Press Release
February 8, 2012

ANGARA ON DICT BILL: 'LET'S NOT MISS THE BOAT'

Senator Edgardo J. Angara called for the swift enactment of a measure creating an independent government agency focused on the growth and development of the Information and Communications Technology (ICT) sector in the country, despite the ongoing impeachment trial of Chief Justice Renato Corona.

Authored and sponsored by Angara, the measure (Senate Bill No. 50 under Committee Report No. 53) creating the Department of Information and Communications Technology (DICT) reorganizes the communications-related agencies under the Department of Transportation and Communications (DOTC) into a separate entity.

Angara, Chair of the Senate Committee on Science and Technology, noted that the counterpart measure (House Bill no. 4667) has already been approved in the House of Representatives.

"This is already the third Congress where this measure has been filed," said Angara during recent interpellations on the bill. "Given that it has already advanced so far into the legislative process, all the more should we do all that we can to ensure its passage into law.

"Many countries around the world have a separate department dedicated to the development of ICT because they realize it will be the dynamo of growth.
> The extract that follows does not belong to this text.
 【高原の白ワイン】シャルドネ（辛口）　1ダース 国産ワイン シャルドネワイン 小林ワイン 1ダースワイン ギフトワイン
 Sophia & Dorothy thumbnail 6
As we see, new wealth in the world is being created by ICT," stressed Angara.

Angara, who is also Chair of the Congressional Commission on Science & Technology and Engineering (COMSTE), further underscored that a DICT will provide meaningful support to the Information Technology and Business Process Outsourcing (IT-BPO) industry, which employs almost 3.5 million people in both direct and indirect jobs.

"The IT-BPO industry in the country is probably the fastest growing sector of our economy," Angara explained. "Right now, it generates US$9 billion and in four years' time, it is expected to increase that revenue to almost $25 billion."
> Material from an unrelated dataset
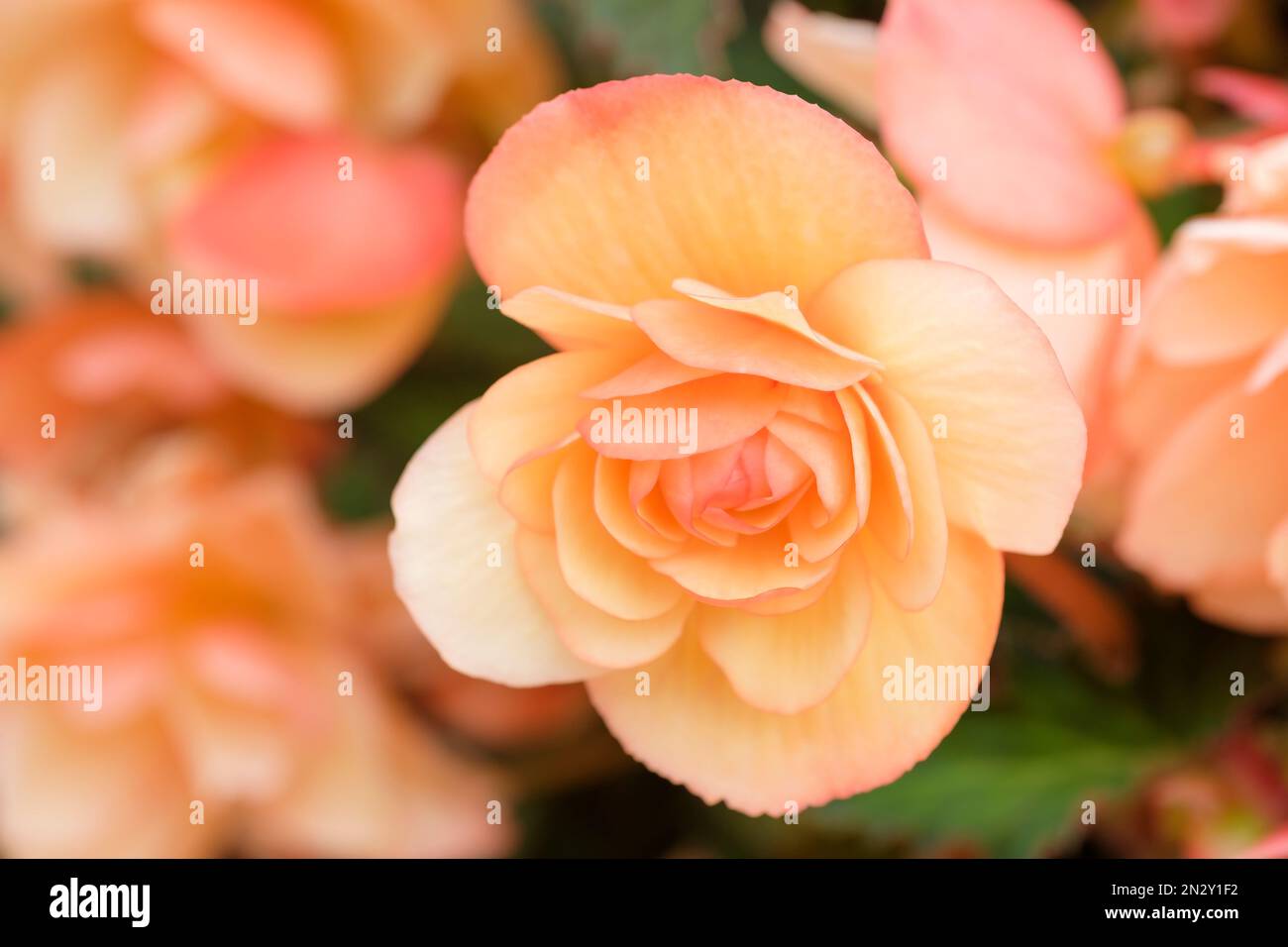 Begonia Apricot Delight, Fragrant Falls serie, doppio fiore di fiori color albicocca Foto Stock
He continued, "This is a better substitute to exporting our people, because if we foster the growth of the industry, we will see the creation of jobs and employment opportunities from the Cordilleras to Sarangani. That's how extensive and pervasive the growth of this industry is.

"But we have hardly scratched the surface. For instance, we haven't scaled up on higher value services like animation, deeper outsourced healthcare and engineering. And that is our ambition--to really grow into a knowledge society, where a DICT will definitely be instrumental in the transition."

Angara said that according to the United Nations Education, Scientific and Cultural Organization (UNESCO), the Philippines will enter into a forty-year demographic window--where a large working-age population coincides with light dependency burdens--by 2015.

To conclude, Angara emphasized, "We are lucky that we are a young nation. Ahead is a wonderful opportunity for creativity and innovation, which Filipinos I think, already possess. So let's not miss the boat this time. This is a wave of growth and development which we cannot afford to lose."